Peggy Bustamante is a news app developer with Digital First Media’s Data Team, and was the P5 Resident at ProPublica in January. She spent her time working with ProPublica News App Editor Scott Klein on mapping ProPublica's tech setup. Scott wrote a blog post about ProPublica's setup, and Peggy wrote this post, about alternative scenarios and DFM's own approach.
The first thing you want to do when you join a news apps team is build cool projects.
But if you are a new outfit, as we are at Digital First Media’s Thunderdome data team, there is one big step before you can get to that happy place of creativity and news: you have to set up an environment to build those cool projects.
My visit to ProPublica as a P5 fellow last month coincided with the crucial moment of our teams’ deciding how that development environment would be configured. On my first day, Scott Klein and I discussed ProPublica’s set up and what some other news orgs had chosen. It spawned a rather hearty discussion on NICAR-L. When the dust settled, we found some commonality among news devs and a variety of viable options.
Almost without exception, news apps teams are on cloud servers, not confined to building projects within the constraints of their news organization’s CMS. All agree, their work could not be done if they didn’t have a separate development environment.
While news app teams use a wide variety of languages, most use either Python/Django or Ruby on Rails. ProPublica and the New York Times use Rails. NPR and L.A. Times use Python/Django. DFM’s Data Team is starting with PHP because our developers have extensive experience building projects with it. In the coming months, we will be transitioning into Python/Django. We also use JavaScript and JSON feeds to build a variety of data-driven projects, such as our NFL playoff predictor.

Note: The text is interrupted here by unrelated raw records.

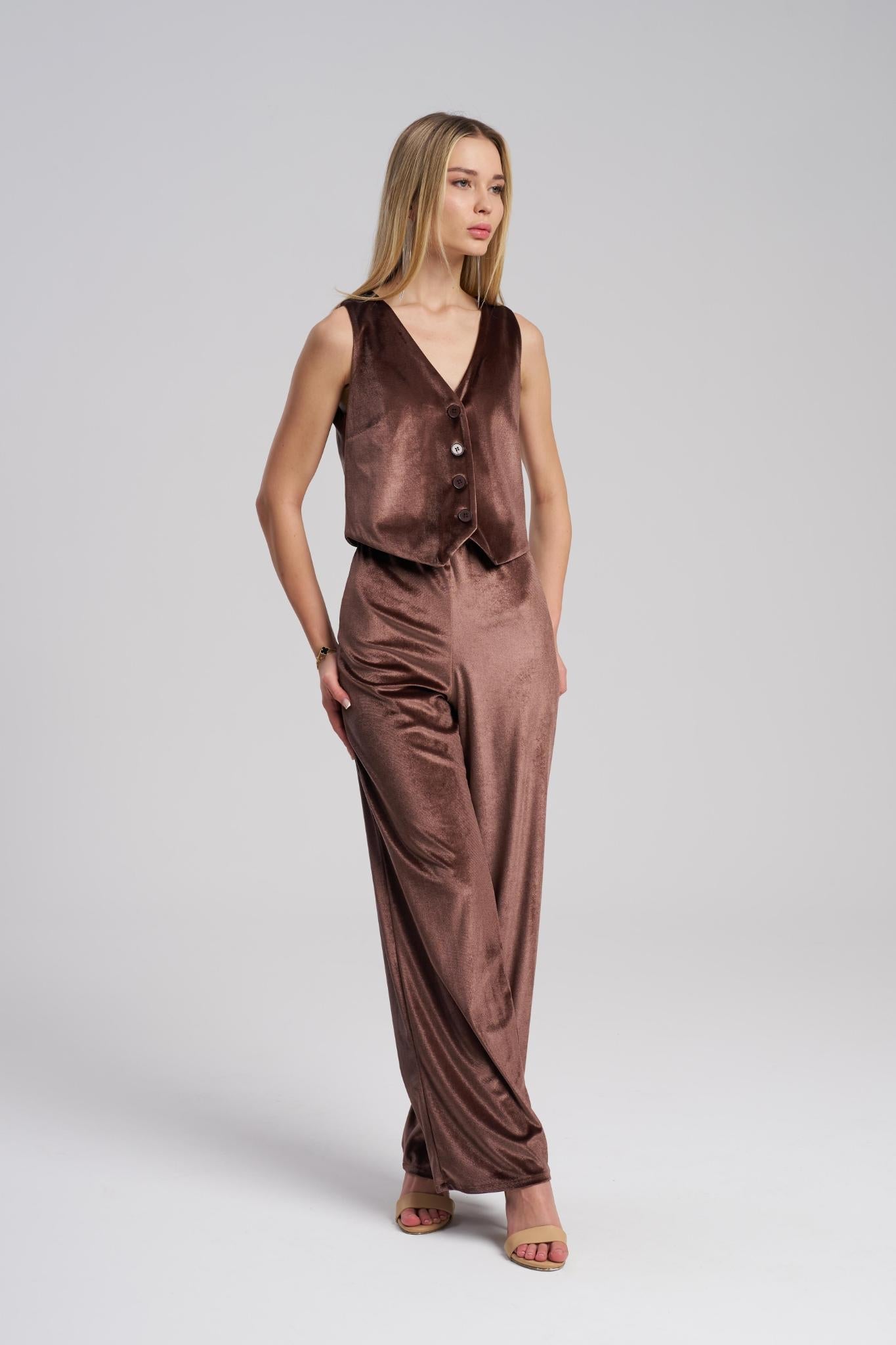 Woman wearing a brown velvet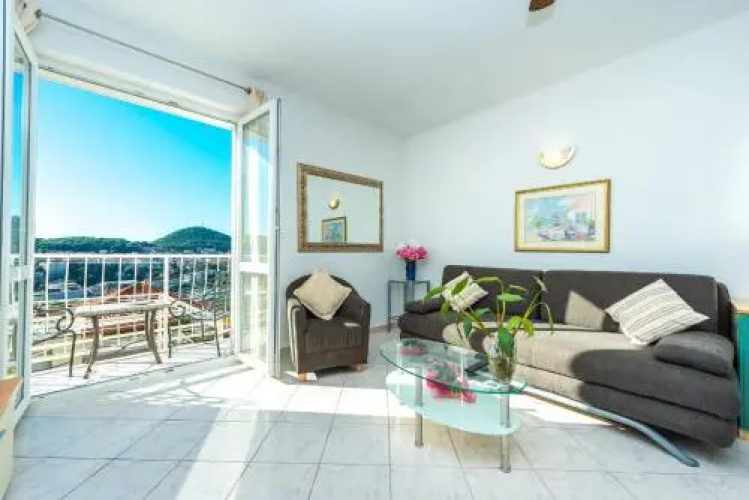 View Port Apartment
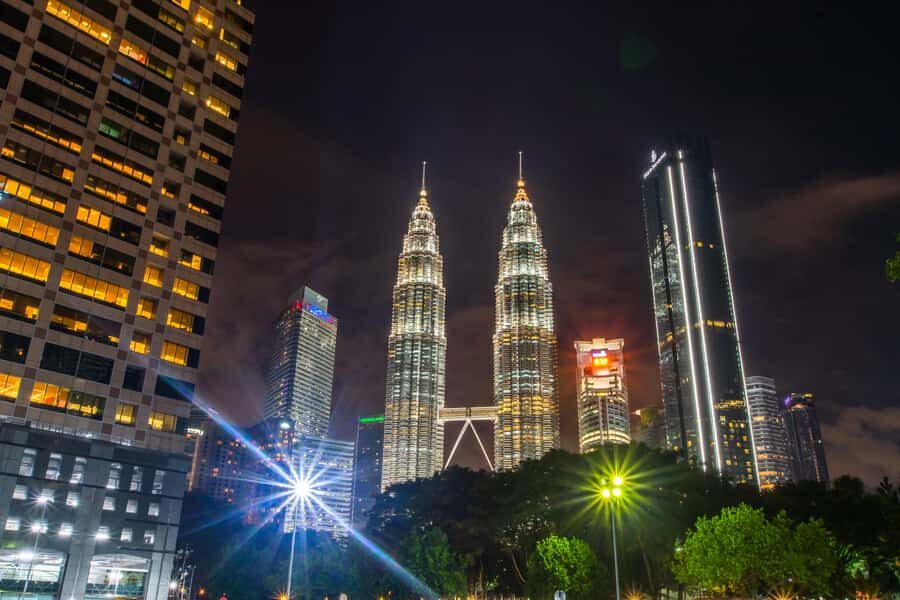 Kuala Lumpur: Evening Tour with Kuala Lumpur Tower Tickets - A Night-Perfect Route From Chinatown to KL Tower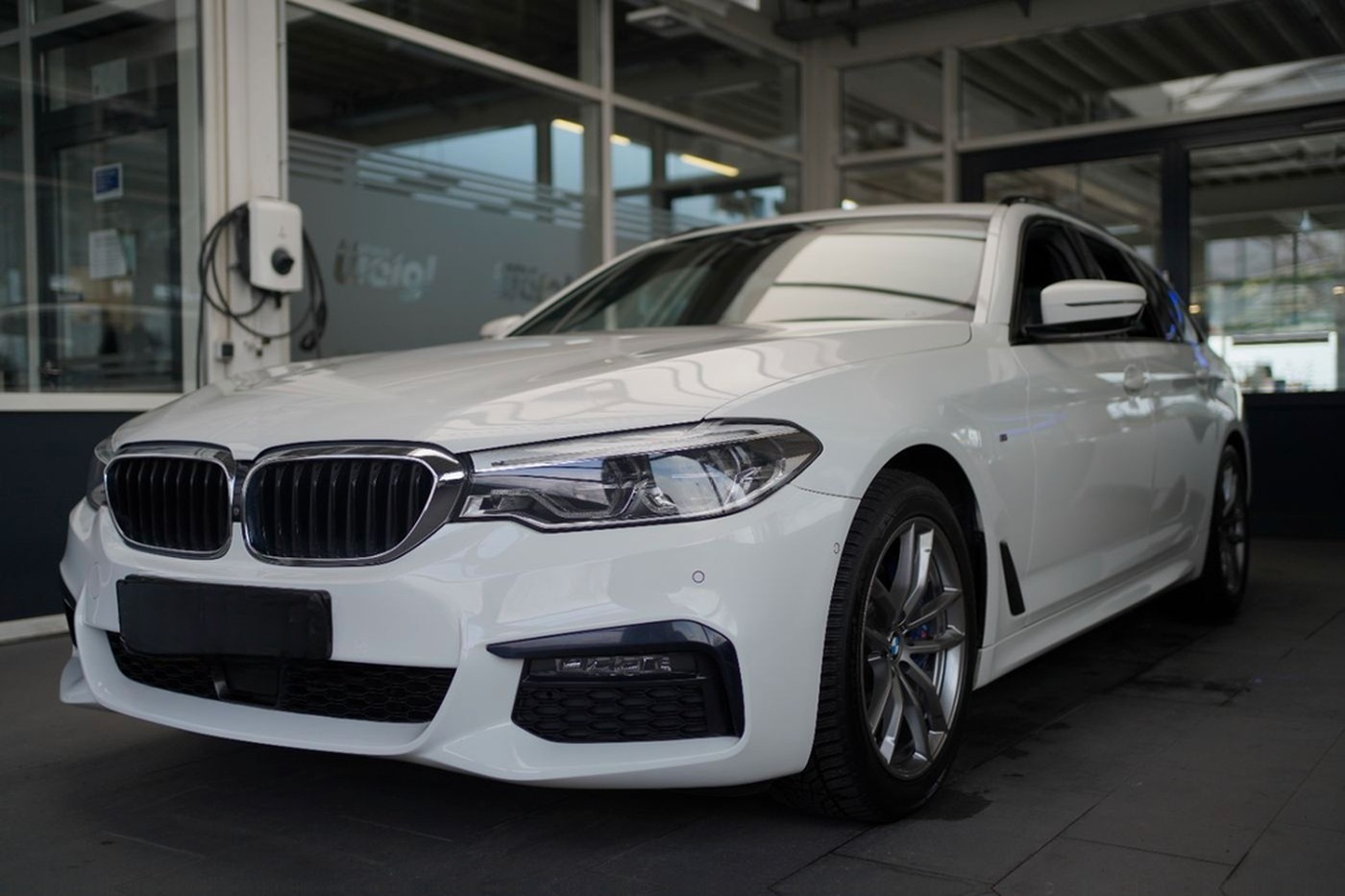 BMW 530d xDrive M Sport Standheizung+PanoramaGlasdac foto 5
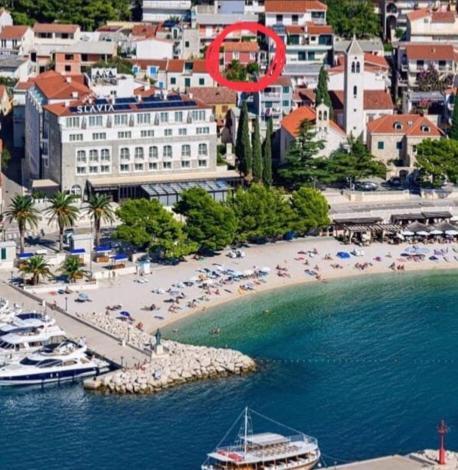 Апартаменты Vintage House For Rent 60M From Sea Башка-Вода Экстерьер фото
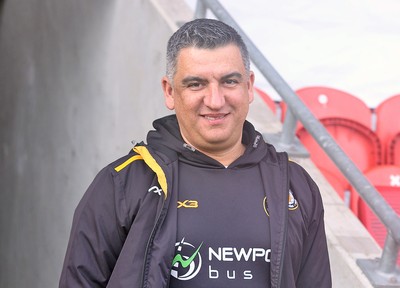 010325 - Doncaster Rovers v Newport County - Sky Bet League 2 - Newport manager Nelson Jardin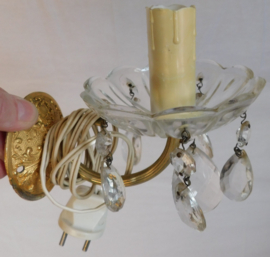 Antieke Franse wandlamp met kristallen pegels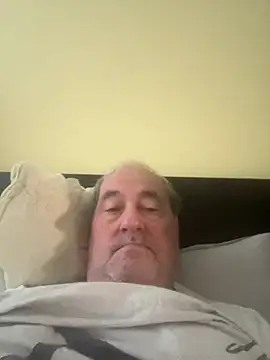 Snapshot of csikar chatting on 07-10-26, 04:39 csikar online show from 07-10-26, 04:39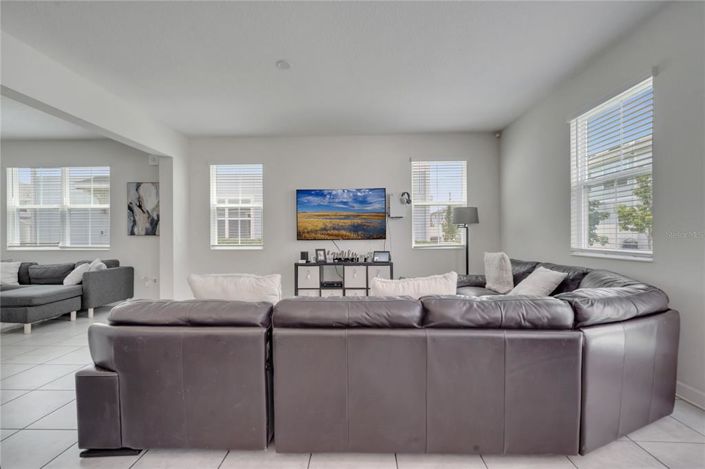 Image No.11-4 Bed Townhouse for sale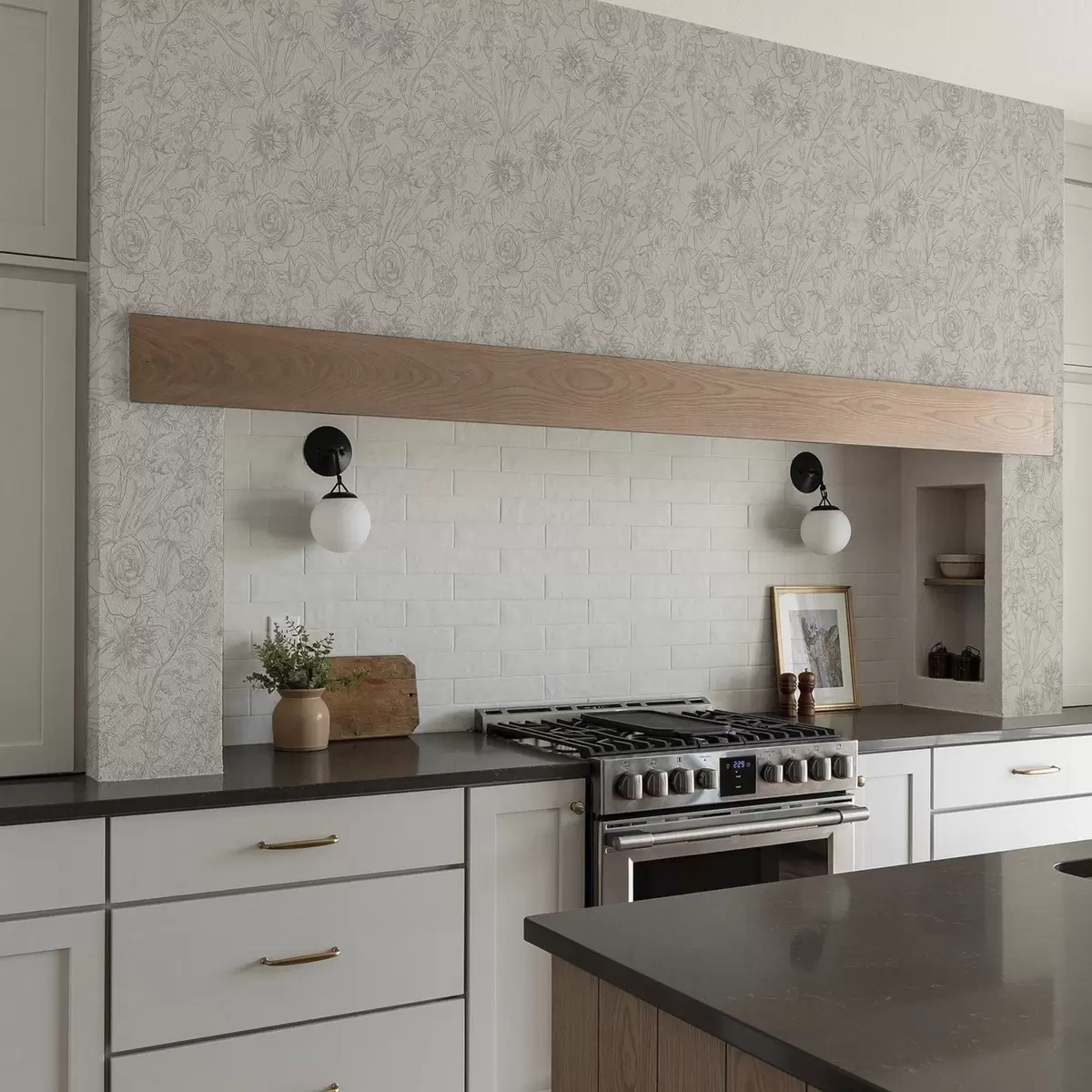 Carta da parati Fiori di contorno su sfondo crema, delicato motivo floreale a00218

ProPublica’s server setup, where the discussion began, is what I imagine is fairly standard, one that we as a team at DFM had been considering. It consists of a Varnish server in front of two development servers that are connected to database servers. ProPublica uses Amazon Web Services and Amazon’s Relational Database Service. They also have a second server for PostgreSQL because RDS does not support PostgreSQL. Lots more details on ProPublica's setup is over at Scott's post.
The Heroku Option
In the NICAR-L discussion, some recommended Heroku, especially Chase Davis, formerly of the Center for Investigative Reporting, and Ryan McNeil at Thomson Reuters. Chase Davis' blog post on Heroku is quite useful. Although originally only for Ruby on Rails, Heroku added Python support in late 2011.
One big advantage of Heroku is that there is no server configuration, as there is with AWS, and it’s easy to increase and decrease server capacity depending on a news app’s traffic.
On the downside, although deploying news apps is greatly simplified, Heroku can get expensive fairly quickly. It was generally agreed that Heroku is a great solution for smaller apps, but not for large-scale apps. A large part of the expense comes from using Heroku’s databases. CIR avoided that pitfall by using Heroku servers and putting databases on their Amazon EC2 box.
Heroku's costs can also be kept down by keeping the amount of data a news app uses to a minimum and putting in a little more effort with caching and configuration. That would allow an app with modest traffic to fit within the free account for a while.
But for news apps teams shooting for more complex apps with larger databases, another solution is...
Cooking Up Apps By “Baking”
The “baking” option, which is gaining ground, involves outputting or “baking” all the possible pages of a project to flat HTML files and then serving them from Amazon S3. The L.A. Times and NPR use this technique extensively. The advantages of this approach are that it is extremely inexpensive, and spikes in traffic aren’t a problem. And because there is no user input, security is much less of an issue.
Scott Klein, however, points out some of the disadvantages of “baking”:
Just to play devil's advocate, if your app doesn't have search or store user input, the whole thing will be in Varnish's cache (or your favorite framework's page cache) almost immediately anyway, so the resilience and performance benefits of baking out might be less than you think. And if you've got an app with lots of possible end points (say, millions of doctor payments or a national slippy map with 16 levels of zoom) the complexity tradeoff in baking out pages goes under water pretty fast. When you find an error in your map you don't want to wait three hours while your bake-out finishes to fix it.
The current rule seems to be whenever you can, bake it flat. Up to 80 percent of the projects at NPR are served this way.
What DFM’s Data Team Ended Up With
After much discussion and consideration, the DFM Data Team settled on our own version of all of the above.
As with other news apps teams, our development environment is separate from the CMS. We are also in “The Cloud,” albeit an internal cloud here at Digital First Media, which makes sense for us because the company has dozens of news entities that we serve.
Our configuration has load balancers in front of the database and production servers, which are fed by an identical staging server for testing and sharing works in progress, and a separate development server.
We have also decided to “bake” projects whenever possible, which will be even easier as we move to Python, so we can explore Ben Welch’s delicious Django Bakery.
And now we can build cool projects.